* _YOUR GOAL_:
Output the exact lines that start at the one containing "Кружевная ночная рубашка" and continue to the last line of the entries below; do not output pictures.

**** RECORDS FOR THIS TASK ****

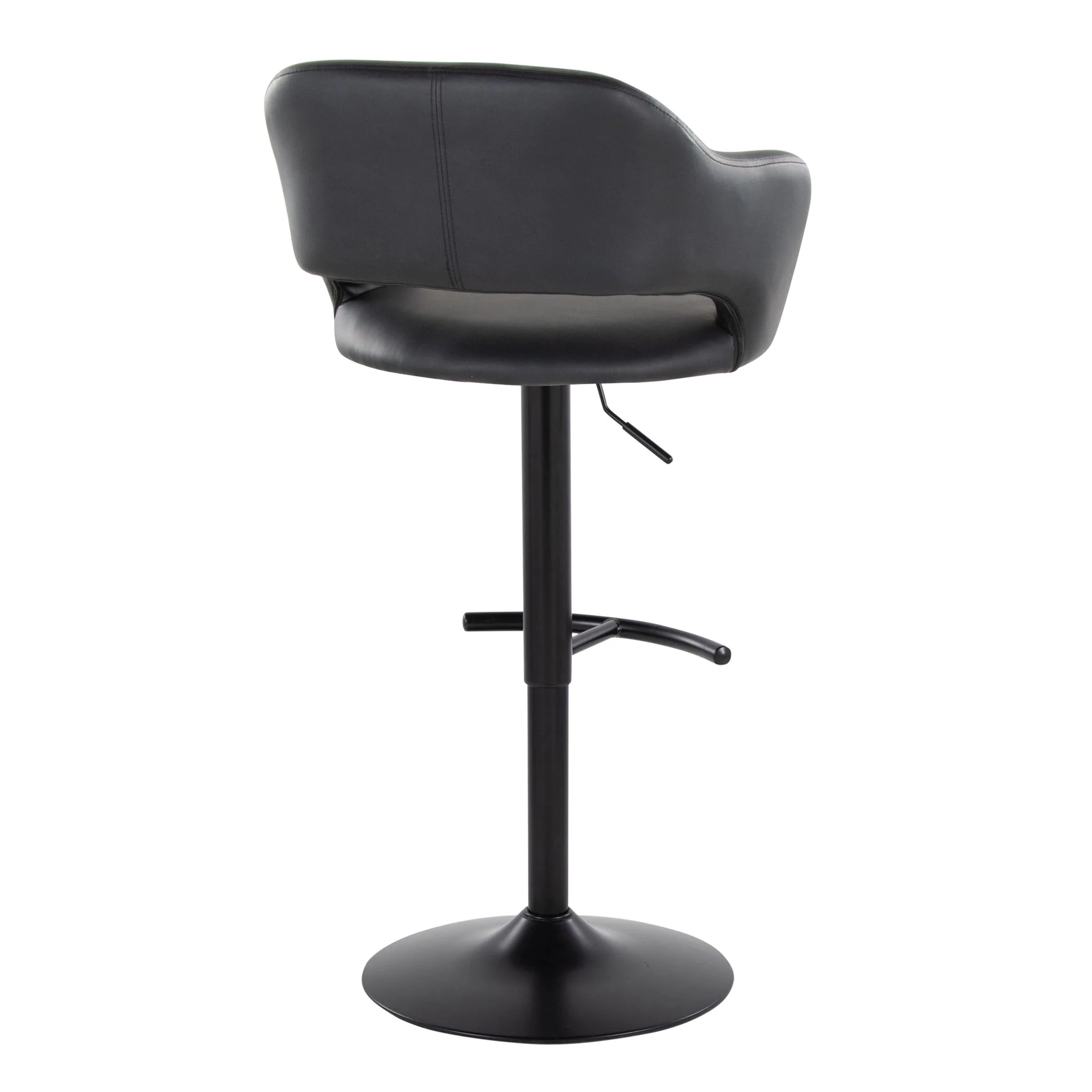 Margarite - Contemporary Adjustable Barstool With Swivel With Rounded T Footrest (Set of 2) - Image 10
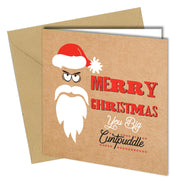 #790 CHRISTMAS CARD BEST FRIEND Friendship Funny Rude Joke Cheeky Greeting Card - Close to the Bone Greeting Cards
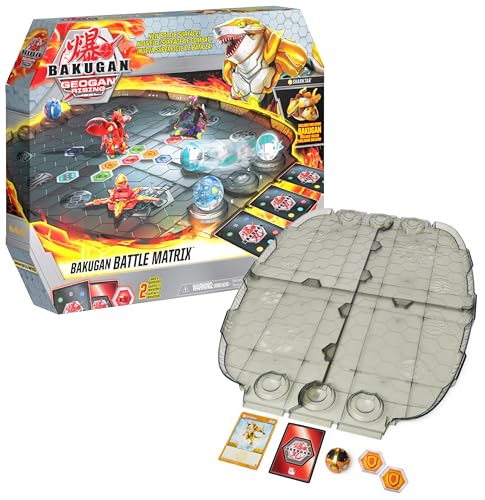 Bakugan 'Geogan Rising' Arena, Battle Matrix, zerlegbares Spielfeld mit exklusivem Aurelus Sharktar von BAKUGAN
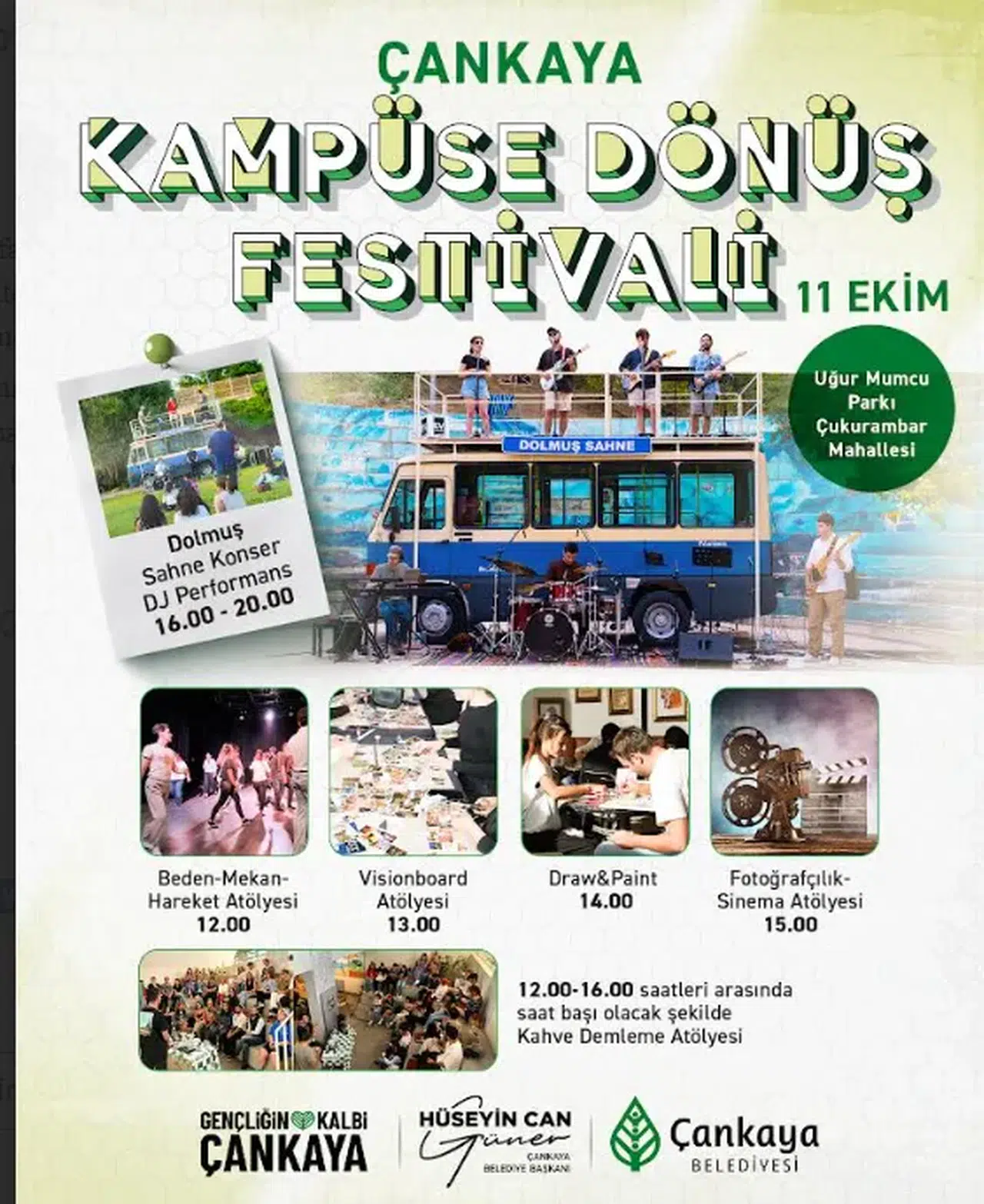 Çankaya'da Gençlere Ücretsiz Enerji Dolu "Kampüse Dönüş Festivali" 11 Ekim'de Başlıyor!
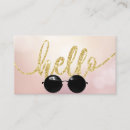 Search for hello business cards Makeup artist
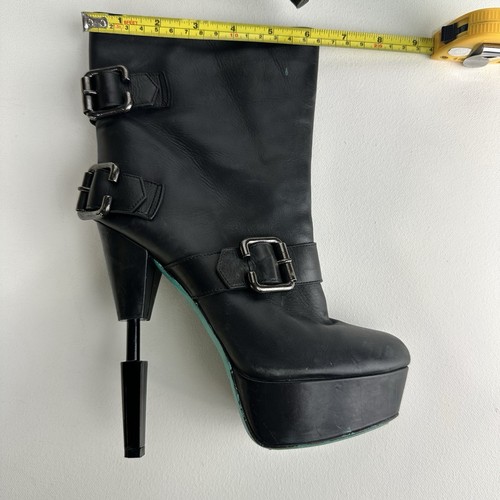 ruthie davis italia tripla fibbia plateau tacco 5” taglia 37 - Foto 15 di 15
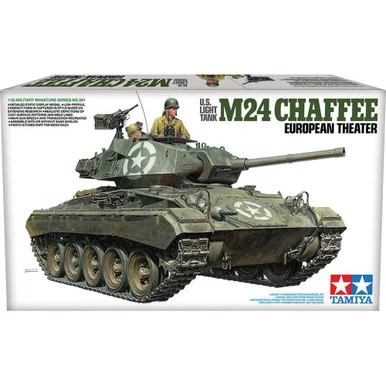 M24 Chaffee 1/35 Kit - Euro Theater Tamiya (35391)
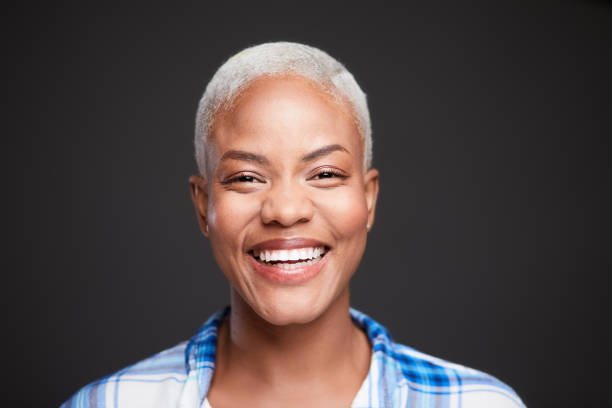 istock Businesswoman studio head shot. 1140949325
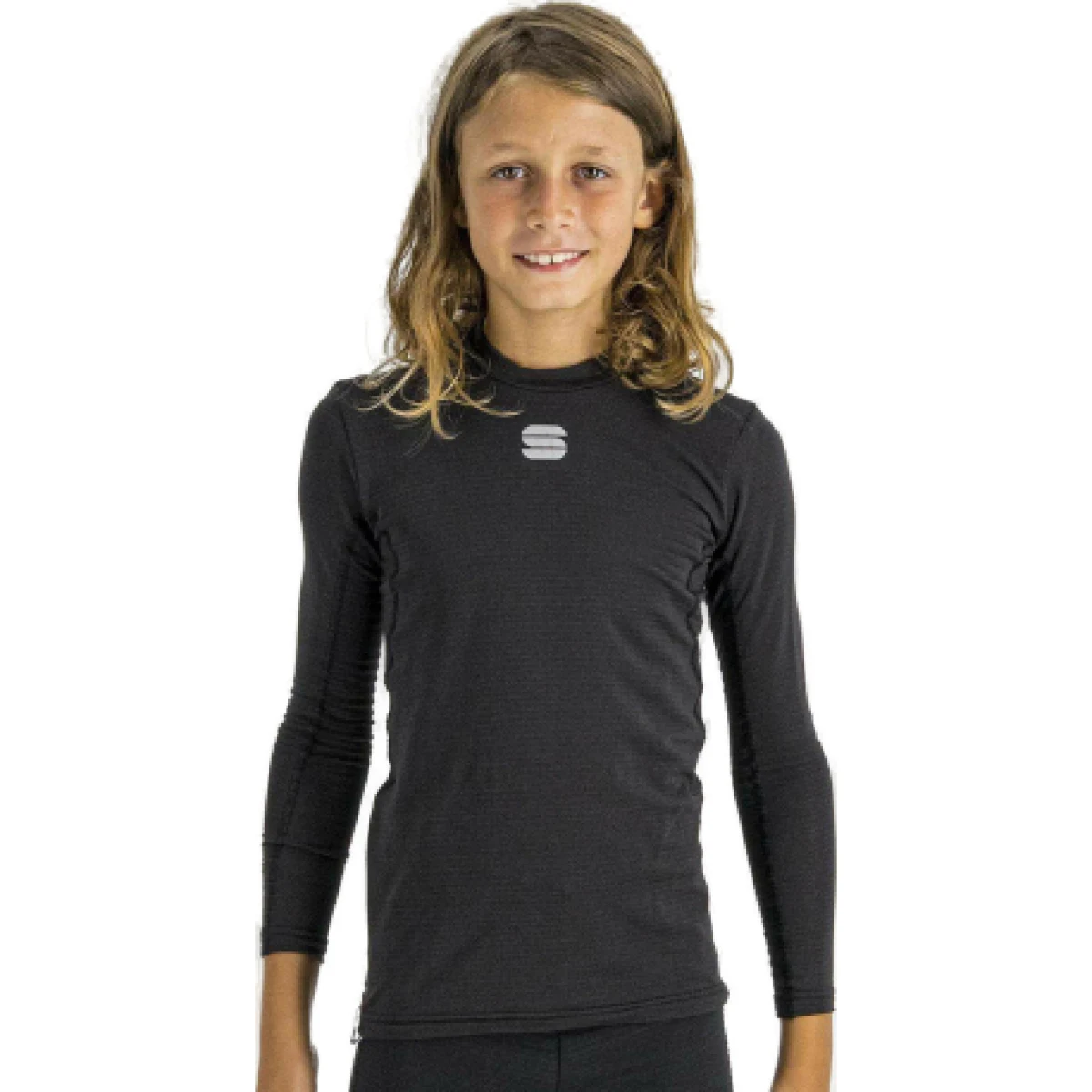 Detské termo tričko s dlhým rukávom SPORTFUL Td mid long sleeve kid top, black · záber 1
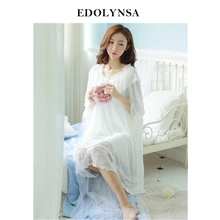 Кружевная ночная рубашка мягкая для дома 2020|nightgowns sleepshirts|lace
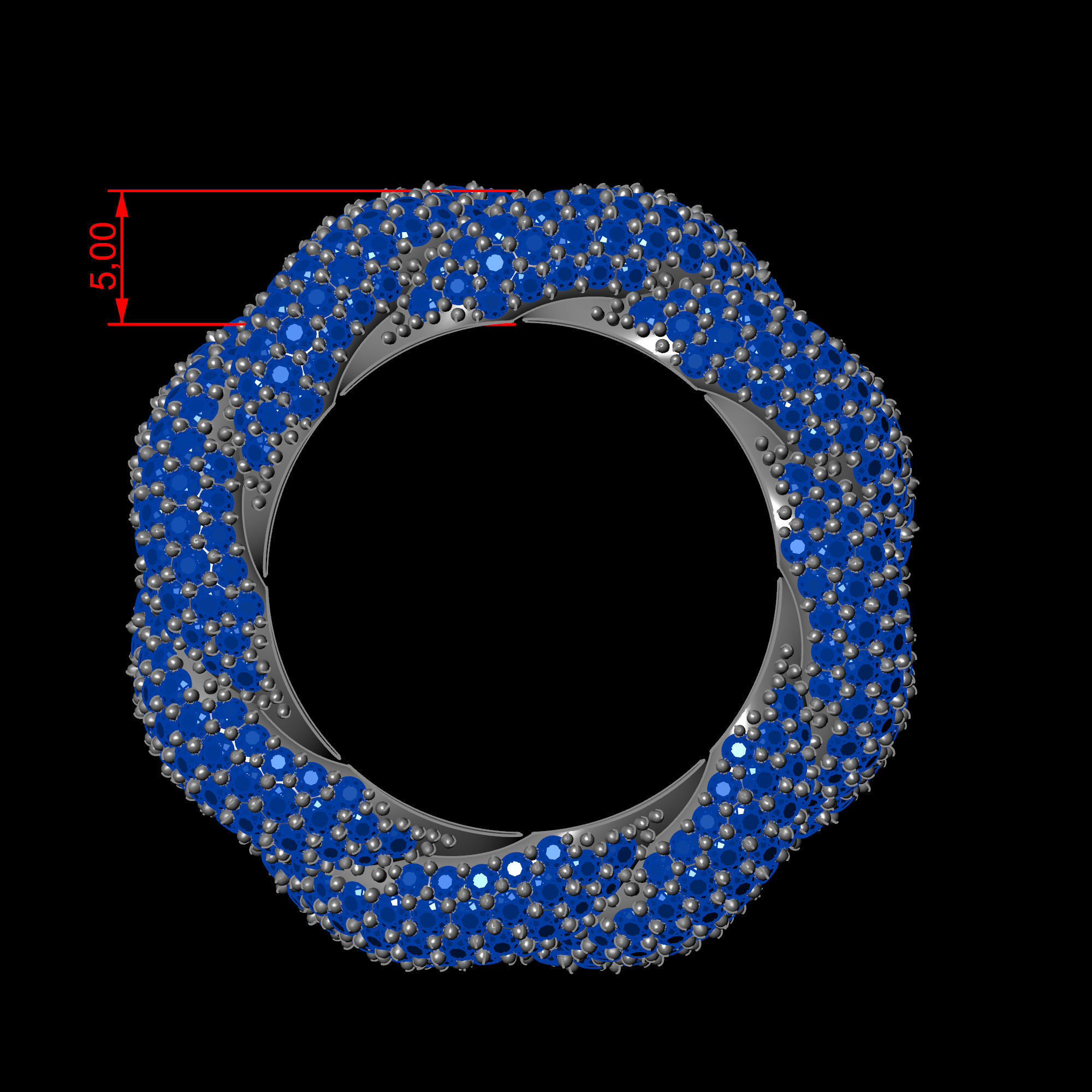 CUBAN RING CUSTOM - SIZE 10  3D print model_4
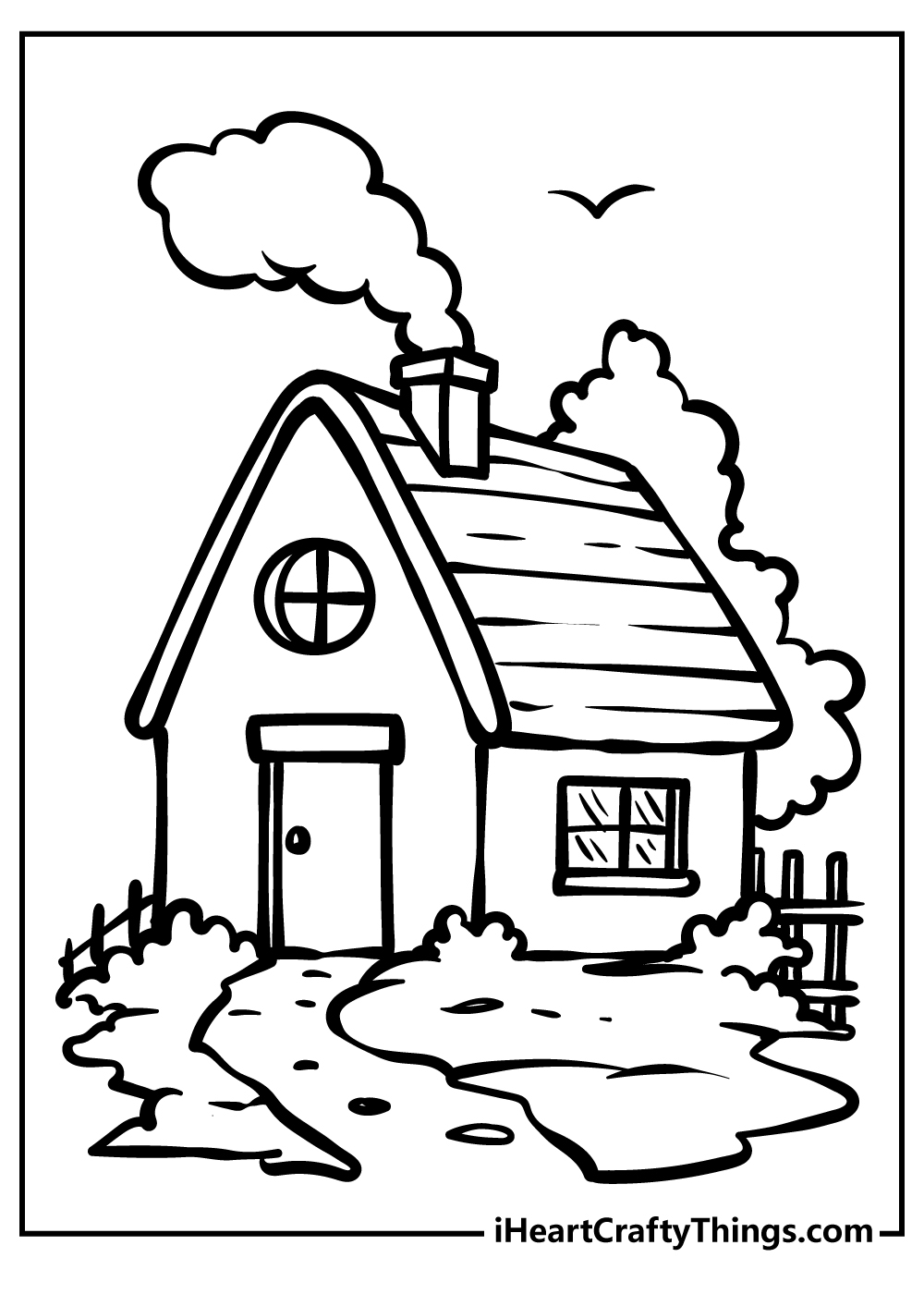 Free Printable Coloring Pages Of Houses
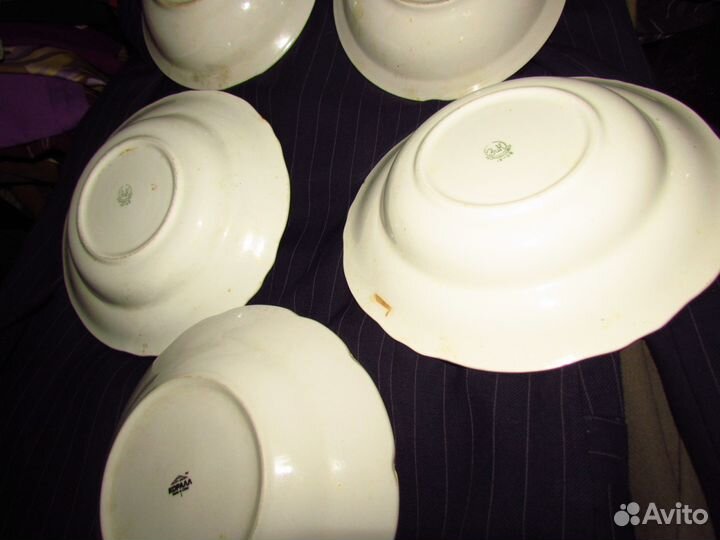 Тарелки милые посуда СССР винтаж для дачи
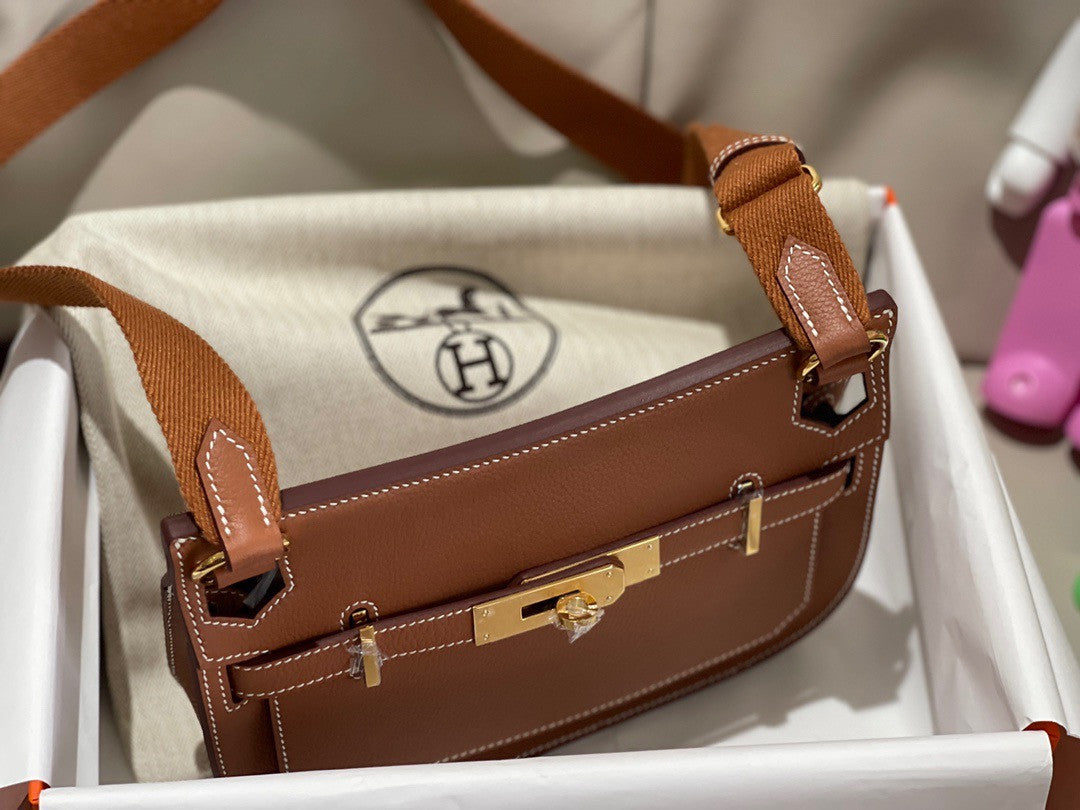Hermès Jypsiere Mini Gold Evercolor Gold Hardware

****

* _SOLUTION TO THIS EXERCISE_:
 Кружевная ночная рубашка мягкая для дома 2020|nightgowns sleepshirts|lace
 CUBAN RING CUSTOM - SIZE 10  3D print model_4
 Free Printable Coloring Pages Of Houses
 Тарелки милые посуда СССР винтаж для дачи
Hermès Jypsiere Mini Gold Evercolor Gold Hardware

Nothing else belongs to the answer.